Comenzaré catalogando El Hijo de Saúl como una obra necesaria. El húngaro László Nemes se propone arrojarnos a la cara el día a día en el campo de concentración de Auschwitz de la manera mas cruda y realista posible, y a ello encamina todos sus recursos formales y narrativos, sobre todo los de carácter más indirecto: la muerte se nos muestra visualmente borrosa, pero en todo su tétrico y caótico esplendor si nos referimos al aspecto sonoro. Un viaje de ida y vuelta al infierno, a uno muy alejado de las moralinas y dogmatismos teológicos…
Porque este infierno tuvo lugar en nuestro planeta, en nuestro continente, perpetrado por nuestra propia raza contra nuestra propia raza y hace apenas un puñado de decenios. Y ello demanda una reflexión permanente y plenamente vigente. La recurrente vergüenza del ser humano, elevada a la máxima potencia.

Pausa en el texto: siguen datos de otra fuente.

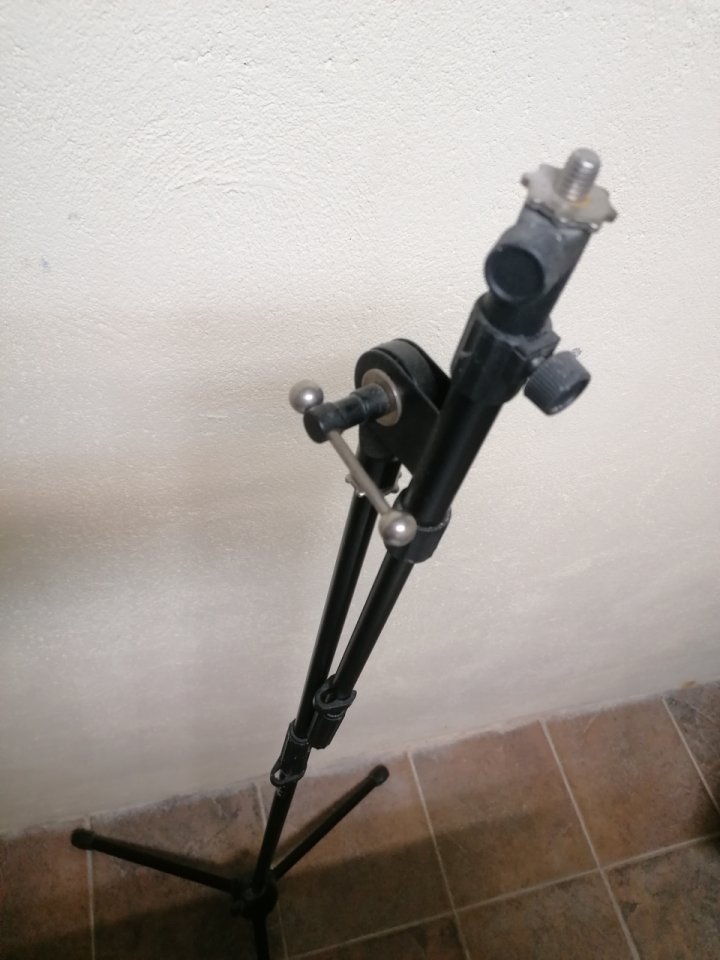 AKG C214 - Micrófono de condensador + accesorios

Construida desde inteligentes primeros planos, buscando siempre el mayor grado de implicación por parte del espectador, la película navega por ese epítome repulsivo de demencia e inhumanidad que fueron las cámaras de gas. En una de ellas está destinado el Sonnerkommando al que pertenece Saúl, y a través de sus ojos presenciaremos el engaño y la barbarie, una rutina de crueldad en grado sumo que asola sin piedad todos y cada uno de los recovecos de nuestras mentes. La obra transita entre la denuncia necesaria y un tratado acerca de la asombrosa capacidad de adaptación del ser humano. Para salir adelante en uno de los entornos más terribles imaginables, Saúl opta por una radical forma de evasión: encontrar un objetivo vital que le permita, a duras penas, ir arrancando hojas del calendario. Un ejercicio de desconexión mental para evitar (o aplazar, al menos) la destrucción propia, y de paso aspirar a una mentirosa redención contra el pecado de formar parte de tamaña locura.
«Lo que ha sucedido es un aviso. Olvidarlo es un delito. Fue posible que todo eso sucediera y sigue siendo posible que en cualquier momento vuelva a suceder.»
La cita anterior de Karl Jaspers ejemplifica el carácter necesario con el que abríamos el texto. Frente a obras como La lista de Schindler (Steven Spielberg, 1993), El hijo de Saúl esgrime una dureza hiperrealista que no puede dejarnos indiferentes.
Porque en ese hiperrealismo anida lo verdaderamente terrorífico de su mensaje.